On Saturday afternoon, Nov. 23, 1912, Claus Wisberg left his home on Providence’s Shafter Street in the company of his trusty hunting dog. They set out for Waterman Woods — a heavily forested piece of land in Johnston hosting more murders, assaults and suicides than any other acreage in the area. A few hours after shooting at small prey, Wisberg watched his dog zone in on a clump of bushes at the bottom of a steep ledge. Nearly covered with autumn leaves was a pile of clothing. Inside the clothing was a pile of bones.
Wisberg brought authorities to the site. Along with the human remains, they discovered a newspaper dated June 29, 1912 inside a wrapper and envelope postmarked June 30. The envelope was addressed to Henry Duckert. The remains and the artifacts found with them were transported to the morgue of funeral directors James William Carpenter & Son at 85 Plainfield St.
Henry Duckert had been missing from the lodging house of 45-year-old Mary Hunt, located at 352 Weybosset St, since he was last seen there on July 5 — over four months earlier. Hunt was called to the morgue and positively identified the remains as those of Henry. She recognized the clothing and the straw hat which was found with it as being the one the 42-year-old man always wore. Hunt admitted that she knew little about Henry and had no idea where his family could be found, but she believed that his father was a clergyman. Just prior to his disappearance, he had been drinking quite heavily, Hunt told police.
Authorities believed that Henry committed suicide shortly after he was last seen at the lodging house, attaching a rope to a tree at the top of the ledge, putting the other end around his neck and jumping. As the rope and body decomposed, the clothed skeleton fell to the ground at the foot of the ledge, in the bushes where it was found. No reason could be determined, however, for Henry to take his own life.
A brother of the dead man was tracked down and although he visited the morgue and provided his own positive identification of the remains, he made no effort to claim them. Henry’s body lay in the morgue for the next week.
Company I of the 5th Regiment of the Massachusetts Volunteers — Spanish War veterans of Attleboro — learned of the man laying unclaimed in Johnston.

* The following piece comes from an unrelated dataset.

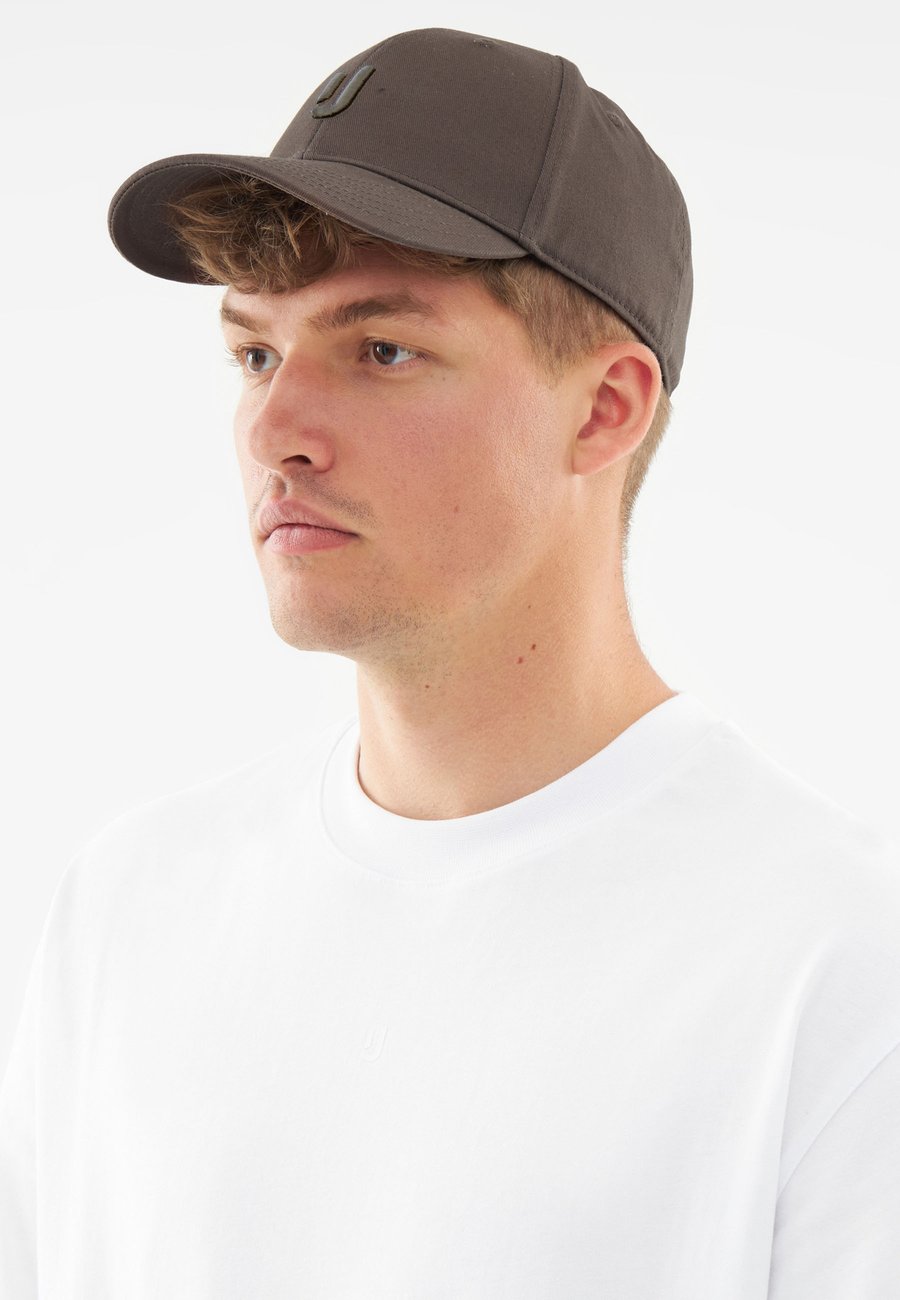 Бейсболка Johnny Urban JASON, Blue Cream/Light Grey
Бейсболка Johnny Urban JASON, Blue Cream/Light Grey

They knew no Henry Duckert but they did know a Hans Anderson, Henry’s real name.
Born on May 12, 1870 in Norway to Alfred Anderson and Maren Paulson, Henry changed his name after his mother married his stepfather Carl Wiggo Duckert, a minister. He came to America in 1891 and married Ella Sekunda Westberg in Providence in July of 1894 and they went on to have a handful of children. The family eventually set up housekeeping on Bullock’s Court in East Providence and Henry worked regularly as a jeweler, manufacturing rings. The couple had split up before 1910 and Henry was living on Chestnut Road in Providence at the lodging house of 45-year-old German native Emma Stein. Ella married several times and had additional children.
Realizing that the unclaimed suicide was their old comrade, the Spanish War veterans arranged for Henry to have a military funeral. Services were led from the Carpenter & Son funeral rooms with Reverend Gray — pastor of the Tabernacle Methodist Episcopal Church — conducting the scriptural readings. Henry was respectfully laid to rest at North End Cemetery with 25 of the men he had patriotically fought alongside standing there to see him off.